If replication fails due to misuse of the replica (e.g. dropping or changing a table that the master subsequently modifies) it is still a replica as far as RDS is concerned, just a broken one, and can be restored to normal operation including RDS replication... but this is a delicate operation requiring a low-level understanding of MySQL native replication. The gist of such a fix is that the relevant data in the replica's data set must be modified such that it is identical to the data as it existed on the master immediately after the failing replication event executed. Once a replica's data is in this state, replication can be kick-started and will pick up where it left off, eventually catching back up to real-time again.

A note of caution with writable replicas is that if replication fails due to such a condition, you do need to either repair it or destroy it or promote the replica to become its own independent master, which permanently decouples it from its original master -- an operation which cannot be undone. The reason a broken replica must be dealt with reasonably promptly is that RDS has protections that prevent the master from purging its binlogs until no managed replica has further need of them, which could cause them to back up on the master, consuming storage space there, or to pile up saved but unexecuted on the broken replica, consuming space there. The latter condition is more likely, but the former is not impossible to encounter.

As a last resort, and thoroughly unsanctioned, it is possible to configure an RDS instance that is not an RDS replica (e.g. after it has been promoted to master) to connect to another RDS instance and replicate from it, using the same steps that are designed for migrating from on-premise servers onto RDS, with mysql.rds_set_external_master. This gives you RDS-to-RDS replication that RDS doesn't actually realize is happening.

1
votes

We have a number of heavy users of our main analytics database, who want to not only read data, but also create large tables of derived data. This is starting to become prohibitive in terms of cost and the database slows down unacceptably when there are too many people writing to large tables at the same time.
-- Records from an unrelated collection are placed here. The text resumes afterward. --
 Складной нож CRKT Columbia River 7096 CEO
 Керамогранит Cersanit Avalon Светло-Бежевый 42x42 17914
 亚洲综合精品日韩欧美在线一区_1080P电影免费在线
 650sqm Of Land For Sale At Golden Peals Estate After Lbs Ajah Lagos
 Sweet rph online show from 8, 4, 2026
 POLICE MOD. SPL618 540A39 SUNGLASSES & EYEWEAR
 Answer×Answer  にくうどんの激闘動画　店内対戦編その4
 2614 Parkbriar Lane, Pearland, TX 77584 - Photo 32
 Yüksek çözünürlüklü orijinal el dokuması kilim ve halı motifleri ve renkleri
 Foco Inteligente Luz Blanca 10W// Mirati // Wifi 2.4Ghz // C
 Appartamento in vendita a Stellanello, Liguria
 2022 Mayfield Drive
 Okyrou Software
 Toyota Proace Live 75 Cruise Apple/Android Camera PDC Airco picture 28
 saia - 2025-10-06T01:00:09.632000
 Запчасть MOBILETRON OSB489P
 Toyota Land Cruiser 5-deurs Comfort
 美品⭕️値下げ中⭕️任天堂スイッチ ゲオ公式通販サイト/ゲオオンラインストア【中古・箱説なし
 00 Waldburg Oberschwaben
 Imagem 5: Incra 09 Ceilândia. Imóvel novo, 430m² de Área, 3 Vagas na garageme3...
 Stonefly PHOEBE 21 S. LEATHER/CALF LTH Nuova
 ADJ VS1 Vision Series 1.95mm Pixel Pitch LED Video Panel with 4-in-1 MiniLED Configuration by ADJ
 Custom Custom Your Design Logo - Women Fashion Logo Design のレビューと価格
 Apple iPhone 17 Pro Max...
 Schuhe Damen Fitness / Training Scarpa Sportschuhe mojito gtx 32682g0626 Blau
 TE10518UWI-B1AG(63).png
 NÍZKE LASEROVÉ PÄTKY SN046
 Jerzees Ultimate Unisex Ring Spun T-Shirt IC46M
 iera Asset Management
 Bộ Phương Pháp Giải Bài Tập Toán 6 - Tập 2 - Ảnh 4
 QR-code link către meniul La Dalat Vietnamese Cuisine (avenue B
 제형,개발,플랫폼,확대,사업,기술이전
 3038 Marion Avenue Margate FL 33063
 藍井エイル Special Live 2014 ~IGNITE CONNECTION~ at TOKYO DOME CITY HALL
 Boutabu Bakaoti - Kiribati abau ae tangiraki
To solve this problem, you will need to create a read replica of your master DB (maybe create one for analytics so they can do all the intensive work on it). Let the analytics team do what they need to do on that read replica and they can put the results in another database created specifically for the results, alternatively written to the master db in off-peak hours (should be separate imo)

My intended solution is to create a number of read/write replicas, such that our core data is replicated out from a master to a number of replicas with writing enabled, and the users can each work on one of the replicas.

In all honesty, I don't think this is the best solution to your problem. Keep the master DB for writes only, keep the read replicas so they help with the load on the master DB, and have the analytics team use their own read replica and output the results into another DB. Setting up to many read/write replicas that are multi az will have a significant impact on the latency of write operations on the database.

However, my fear is that this doesn't seem to be the intended use case for enabling write on replicas. My concern is that a user will build up a lot of valuable data on their replica. What can I do if the replica crashes?

Enable multi-az will make sure aws manages a standby of your DB thats ready to be rolled over to in case of an error, however, keep in mind latency will go up significantly if you're doing latency sensitive work you might have to reconsider your architecture.

But if your replica has data you care about on it, separate from the master, things are more difficult. You can't just spin up a restore of the replica and re-attach it the master because you can't attach existing replicas, you can only spin up new ones.

Why would the read replica be out of sync with the master? I mean, yes issues do happen but if they do you have a completely different issue to worry about... just remember you cannot attach a read replica that has been promoted to a master database back to the existing master. You will have to recreate the read replica again.